Introduction

    Going to college has an opportunity cost, and there could be a variety of reasons why someone might not pursue or complete higher education. One of them could be that the costs on school exceed the affordability. Studying residents’ ability to afford learning may provide insights into reasons that one may not graduate from college. This knowledge would be valuable in understanding the challenges behind education and lead to potential approaches to target this issue. Therefore, I would like to investigate the relationship between household income, student spending, percentage of residents, and percentage of residents who are college graduates. The question explored in this research is: How would the mean household income and student spending be related to the percentage of residents who graduated from college in each state? Higher mean household income in a state would imply that residents in that state overall had more financial power to afford learning, thus the mean household income was hypothesized to be positively related to the percentage of residents who graduated from college in each state. At the same time, state average student spending was hypothesized to be negatively related to the percentage of residents who were college graduates in each state, as higher mean student spending in a state would suggest that residents overall had more difficulty affording college. Partly aligning with the hypothesis, the results found that both mean household income and student spending were positively related to the percentage of residents who were college graduates in a state, controlling for the other variable. The analysis also found an unexpected correlation between mean household income and student spending.

Methods

    The investigation on that question used part of the data from the U.S. Census Bureau Five-Year American Community Survey from 2013 to 2017. This data was collected from residents in the 50 states in the United States, and this study used the following variables in the dataset: household income, student spending, and percentage of residents who are college graduates. The household income was measured as a mean for each state from 2013 to 2017 and represented in $1000. Student spending represented the average school spending for one pupil in each state in 2013, represented in $1000. Lastly, the percentage of residents who are college graduates accounted for the proportion of residents between ages 25 and 34 who were college graduates in each state from 2013 to 2017. I will use a multilinear regression model to investigate the relationship between these variables to find out if the mean household income and school spending would influence the percentage of residents who are college graduates. Specifically, the multilinear model would use the mean household income and the school spending as explanatory variables and the percentage of residents who are college graduates as the response variable. Although Census randomly selected participants to respond to the survey each year, the average values of the states would vary due to random selections of individual participants, but it could not be considered as randomly collected data. Therefore, the analysis should be careful in assuming the independence between data points.

Analysis and Results

    There was multicollinearity between mean household income and student spending. As shown in Table 1, the t-test for correlation between the two explanatory variables resulted in a correlation of 0.61 with a p-value of 2.6e-6. There was strong evidence that the correlation between household income and student spending was greater than 0, suggesting that household income increased as student spending increased. Therefore, the multilinear model for the relationships should account for this influence.

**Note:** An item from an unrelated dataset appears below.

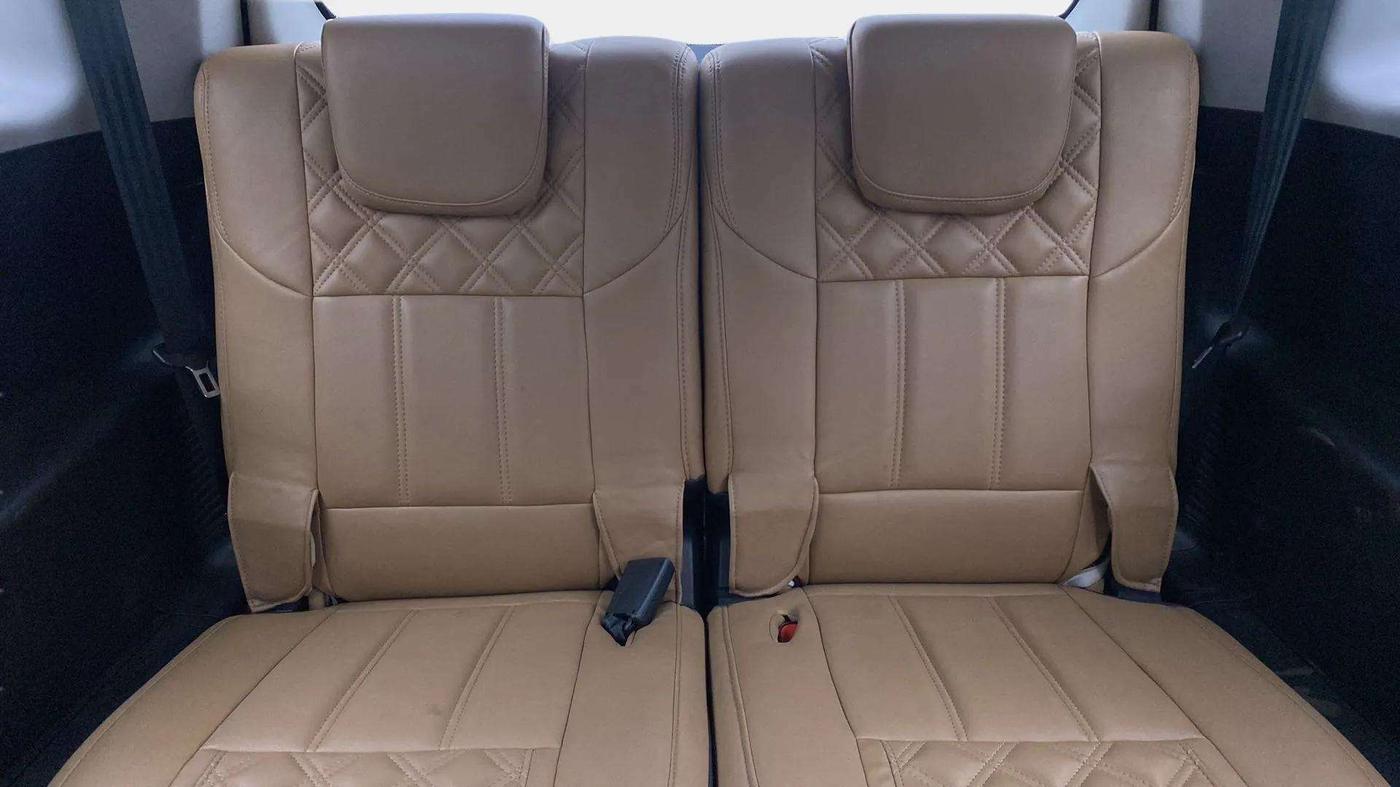 2020 Mahindra XUV500 W7, Diesel, Manual, 51,804 km, Third Seat Row ( optional )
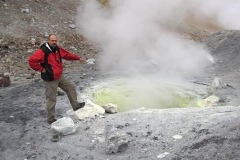 Андрей у дыры в преисподнюю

Correlation between Household Income and Student Spending
estimate statistic p.value parameter conf.low conf.high method alternative
0.61 5.33 0 48 0.4 0.759 Pearson’s product-moment correlation two.sided
Effects of Household Income and Student Spending on Percent of College Graduates in Each State
term estimate std.error statistic p.value
(Intercept) 6.649 3.773 1.76 0.085
HouseholdIncome 0.330 0.081 4.06 0.000
StudentSpending 0.616 0.230 2.68 0.010

    The analysis partly aligned with the hypothesis. While I suspected a negative relationship between student spending and the percentage of residents in a state who were college graduates, the percentage of residents who are college graduates was positively correlated with both the mean household income and the student spending per pupil. The predicted model for the percentage of college graduates was:

\[ Percent\ Graduated\ from\ College = 6.65\ +\ 0.33\ *\ HouseholdIncome\ +\ 0.62\ *\ StudentSpending \]

    The F-test for this model was significant (p = 5.22e-9). Household income and student spending explained 55.58% of the variance in the percentage of college graduates from the multiple \(R^2\). Both coefficients for household income and student spending were significant. The coefficient of household income was 0.33 with a p-value of 0.00018, and the coefficient of student spending was 0.62 with a p-value of 0.01. These individual slope tests suggested that the percentage of college graduates in a state increases by 0.33% for each $1000 increase in state mean household income, while allowing for simultaneous change in mean student spending. Additionally, the tests predicted that the percentage of college graduates in a state increases by 0.62% for each $1000 increase in student spending, while allowing for simultaneous change in mean household income. However, the value of the intercept was not as significant, with a p-value of 0.08, implying that the model provided some evidence, but not strong evidence, that the percentage of college graduates in a state was 6.65 when the household income and student spending were both zero.

    A linear model was somewhat sufficient to fit this data. The data was mostly linear but had a larger variance when the modeled percentage of college graduates in each state was higher compared to when that value was lower. This indicated that the household income and student spending were less effective at predicting the percentage of college graduates in states that had more residents who were college graduates compared to states that had fewer residents who were college graduates. The data appeared to have a zero mean but did not align well with the normal distribution, hindering its ability to make predictions. There was a leverage point that did not influence the data.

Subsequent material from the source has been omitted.